### Exercise
In the records that follow, find the line containing "In this clip" and the line containing "Okay guys, so", then transcribe both and every line between them exactly, omitting pictures.

### Exercise materials
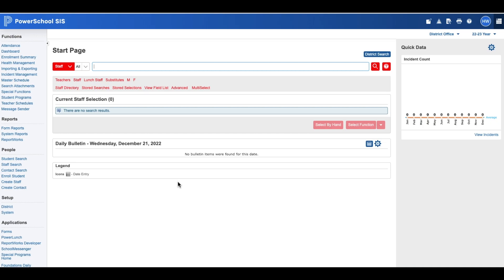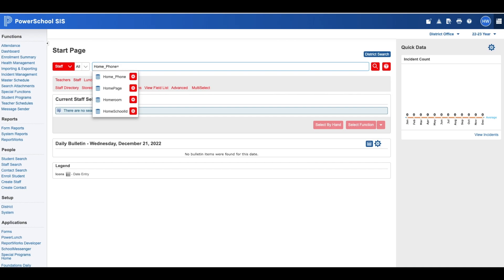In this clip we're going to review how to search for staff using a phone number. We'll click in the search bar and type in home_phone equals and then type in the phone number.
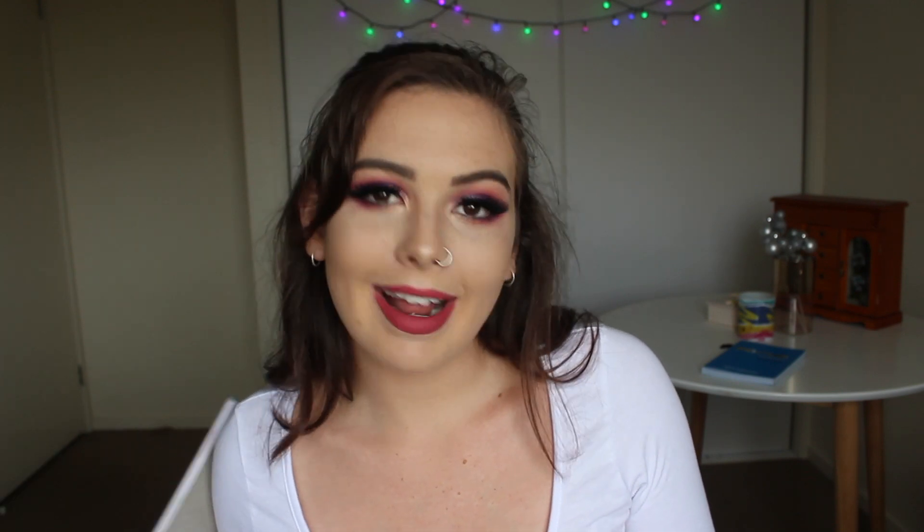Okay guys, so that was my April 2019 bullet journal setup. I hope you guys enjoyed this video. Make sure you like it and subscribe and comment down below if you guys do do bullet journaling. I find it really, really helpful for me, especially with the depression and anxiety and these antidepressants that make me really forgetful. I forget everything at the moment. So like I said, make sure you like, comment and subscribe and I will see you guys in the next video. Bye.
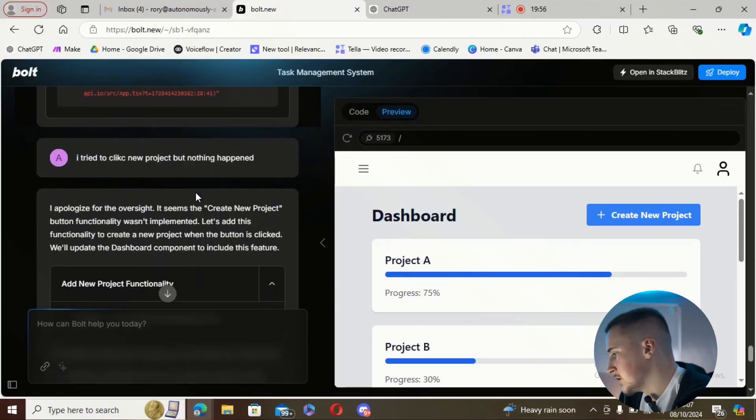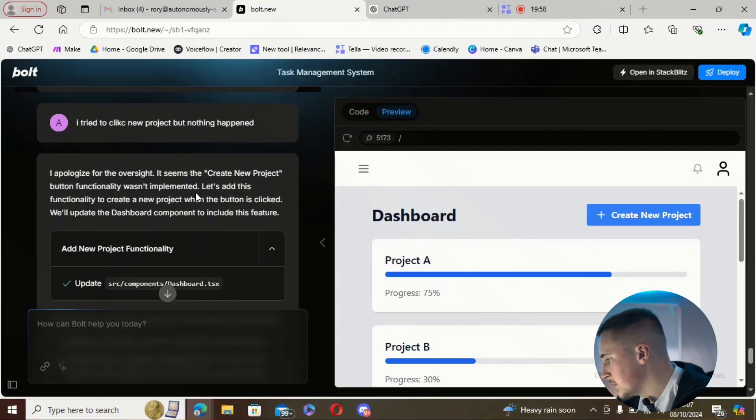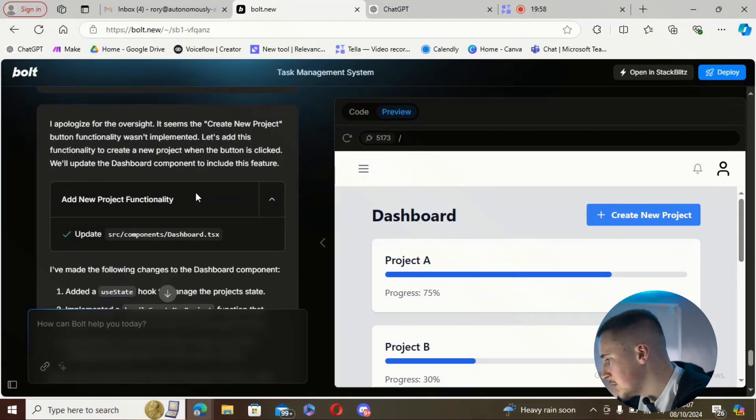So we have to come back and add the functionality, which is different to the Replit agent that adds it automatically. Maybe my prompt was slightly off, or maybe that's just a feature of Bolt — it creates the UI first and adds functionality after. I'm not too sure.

...

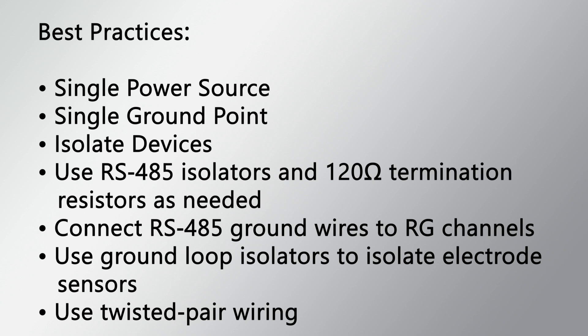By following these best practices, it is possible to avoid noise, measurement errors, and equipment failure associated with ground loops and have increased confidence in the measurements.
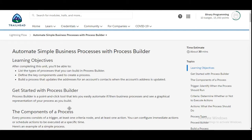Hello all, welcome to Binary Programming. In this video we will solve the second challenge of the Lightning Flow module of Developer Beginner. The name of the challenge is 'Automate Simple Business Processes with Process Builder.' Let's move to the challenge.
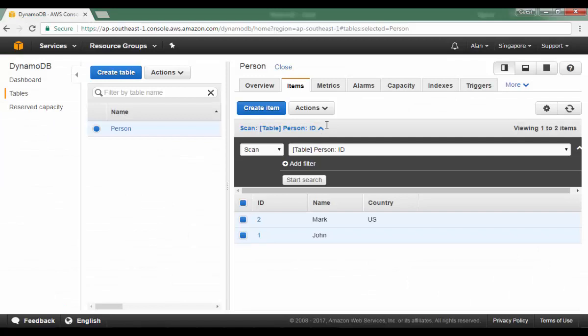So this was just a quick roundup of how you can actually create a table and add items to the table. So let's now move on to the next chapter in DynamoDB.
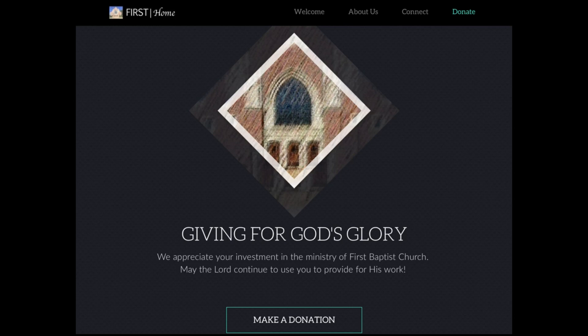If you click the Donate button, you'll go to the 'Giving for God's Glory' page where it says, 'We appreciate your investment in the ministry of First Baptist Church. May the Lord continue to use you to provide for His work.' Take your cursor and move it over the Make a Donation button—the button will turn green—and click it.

### Completed task
In this clip we're going to review how to search for staff using a phone number. We'll click in the search bar and type in home_phone equals and then type in the phone number.
Okay guys, so that was my April 2019 bullet journal setup. I hope you guys enjoyed this video. Make sure you like it and subscribe and comment down below if you guys do do bullet journaling. I find it really, really helpful for me, especially with the depression and anxiety and these antidepressants that make me really forgetful. I forget everything at the moment. So like I said, make sure you like, comment and subscribe and I will see you guys in the next video. Bye.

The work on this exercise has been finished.